In late winter in Southern California, we're spoiled by citrus. Look around most neighborhoods and you see trees laden with oranges and lemons and limes. At local farmers markets, vendors display more exotic citrus: kumquats, tangerines, Meyer lemons, calamondins and maybe even finger limes. But if you're lucky, you'll also find the near-volleyball-sized Citrus maxima. This "biggest citrus" is the pomelo, a sweeter, mellower and more floral relative of the grapefruit, which is, by the way, a cross between a pomelo and an orange. You can find pomelos, which are available from late fall to early spring, in the produce aisles of well-stocked grocery stores, but they're most fun to get at farmers markets, where they look rather liked balls racked at a bowling alley.
Despite their deliciousness, pomelos didn't come to the U.S. marketplace easily. The first pomelo trees were acquired from Thailand in 1902 by the Department of Agriculture. After a season in a D.C. greenhouse, only one tree survived. Budwood (short, budded branches) from the lone tree were sent to Florida, California, Puerto Rico, Cuba and Trinidad to be grafted onto healthy rootstock. When fruit from the original tree ripened, it was of such poor quality that the pomelo program was scrapped. Luckily other traveling horticulturists discovered pomelos and subsequent grafts produced the sweet and juicy fruit that grows easily in California today.
Pomelos come in many varieties. In fact, the UC Riverside Citrus Experiment Station, a university program dedicated to the study of all things citrus, has more than 60 varieties growing in its Citrus Variety Collection. The skin of the pomelo can be yellow, yellow-green or even blush pink, and the shape can range from orb to pear, with sizes starting at softball and graduating to volleyball. The pulp varies from pale yellow to dark grapefruit ruby. Pomelos can be overly juicy or verging on dry. Good pomelos taste sweeter than grapefruit, with almost no bitterness and floral notes; undesirable pomelos are simply too sour. The most readily available pomelo in the marketplace is the Chandler, with chartreuse skin and pale pink flesh. Pomelo hybrids, such as the sweet oro blanco and mild Melogold, are becoming more widely available.
The pomelo is like an annoyingly well-wrapped postal package. The rind is a firm and glossy coating over a thick cushion of pith. Beneath the dense peel is a tight orb of segments, each encased in a tough and exceptionally bitter membrane. Once freed, the succulent pulp sacks either remain clustered into arc-shaped citrus supremes or detach into rice.
Here's the easiest way to ready a pomelo: Using a large, serrated knife, slice off the stem end of the pomelo, cutting into the pith but not the pulp. Using your fingers, peel away all of the pith. Separate the segments and with the aid of kitchen shears or a small sharp knife, cut into the membrane at the center of each segment and peel it away from the pulp.
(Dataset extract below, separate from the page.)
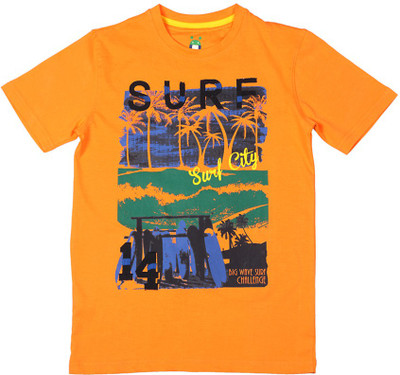 

Poppers by Pantaloons Boys Printed T Shirt(Orange, Pack of 1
If your pomelos are juicy, work over a bowl to catch the juice.
Save the rind and use it to make preserves, where it becomes the IPA of marmalades, with floral and fruity notes and a hoppy-like bitterness. Add some cardamom to the mix, as pomelos pair well with spices, aromatic herbs and particularly fresh ginger — the citrus is terrific made into a compote that you can serve, with tangy yogurt and whole-wheat crumbles in a dessert parfait. And because pomelo trees flourish on the banks of rivers that flow into the South China Sea and the Gulf of Thailand, it's a natural to toss the pulp with the funk of fish sauce, chile and lime in a craveable mix that's as refreshing as a green papaya salad.
The next time you shop for citrus, you should consider placing a pomelo or two in your market basket. There might not be room for anything else, but mild, fruity and intensely aromatic, there's a wealth of flavor in these fruits — if you can get over the sheer absurdity of their size.